Small businesses take a bit hit when gas prices surge. Certainly businesses with vehicles on the road every day—construction, maintenance, delivery, transportation—see the costs immediately and directly.
But even businesses that don’t directly use many vehicles feel the pinch. Every order we ship, every sales call we make, every trip to the office costs more. We’ve got to find ways to save money, especially on anything involving gas or fuel.
What’s a small business to do?
1. Drive less. Duh
This seems obvious, but to save gas, cut down on the number of trips you take. Cluster deliveries and appointments so you’re not backtracking or going on different days. Attach routine errands to other trips. If possible, use public transportation or park in a central location and walk to your meetings. Find alternatives to driving (see #3).
2. Use a gas app
When you do have to fill up, use an app to find cheaper gas near you (as well as cleaner bathrooms!). These apps show you the actual prices at gas stations near you (or along your route to your destination). Two of the most popular are Gasbuddy or Gas Guru (download from the Apple or GooglePlay app store).
3. Go digital
If there was one thing Covid taught us, it’s that we can hold a whole lot of meetings and handle a ton of routine business matters without having to drive somewhere.
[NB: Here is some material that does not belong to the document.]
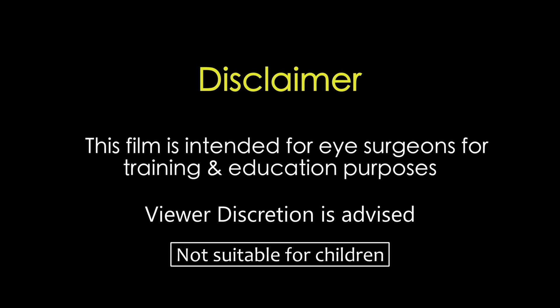This film is intended for eye surgeons for training and education purposes. Viewer discretion is strongly recommended.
Switch as many meetings to Zoom or another teleconference option. And don’t forget the phone! You can also take care of a lot of business with just a phone call.
4. Look for gas reward programs
It’s great to get cash back or discounts. You can find all kinds of gas reward programs—from credit card companies, supermarkets, warehouse clubs, and more. Find one that works for you, sign up, and use it.
5. Reduce shipping expenses
Shipping costs have risen dramatically in the last few years, and higher gas prices mean ever higher shipping costs to come. Sit down and seriously evaluate your packing and shipping practices. Do you need to be shipping everything you currently ship?
Look for lighter-weight packing materials, use the smallest containers you can. Consolidate shipments whenever possible.
6. Keep your car in shape
Keep your tires inflated to the recommended pressure; if your tires are deflated even a few pounds from maximum, you’ll lose gas mileage. Get a tune up. Basically, an old car with mechanical problems is going to use more gas than a well-tended vehicle. And drive slower—you use less gas when you stick to the speed limit. (That’s a hard one for me!)
7. Switch to hybrid or electric vehicles
Time to trade in that old truck, car, or van? Make the switch to hybrid or electric to significantly cut your tie to the gas pump. You may even qualify for a federal tax credit. You can check it out at the Department of Energy website.
8. Lighten your load
The heavier the load in your car or truck, the more gas you use. Yes, I told you to combine trips, so that may mean a heavier load for fewer trips. But many small business owners keep a whole lot of stuff they don’t need with them at all times. Can you remove some of the tools, samples, or excess materials you’re lugging around?
9. Encourage bike riding, public transit, walking, carpooling
The most gas your employees may use is in getting to work. Consider reimbursing employees for some of the cost of public transportation or getting a prize of some sort if they ride to work.
Finally, there’s one terrific opportunity presented by higher gas prices. For entrepreneurs who are creating products or services that save money on energy, you’ll find more willing investors and more eager customers. So if you’ve got a great idea for an alternative energy product or service, now’s the time to go for it!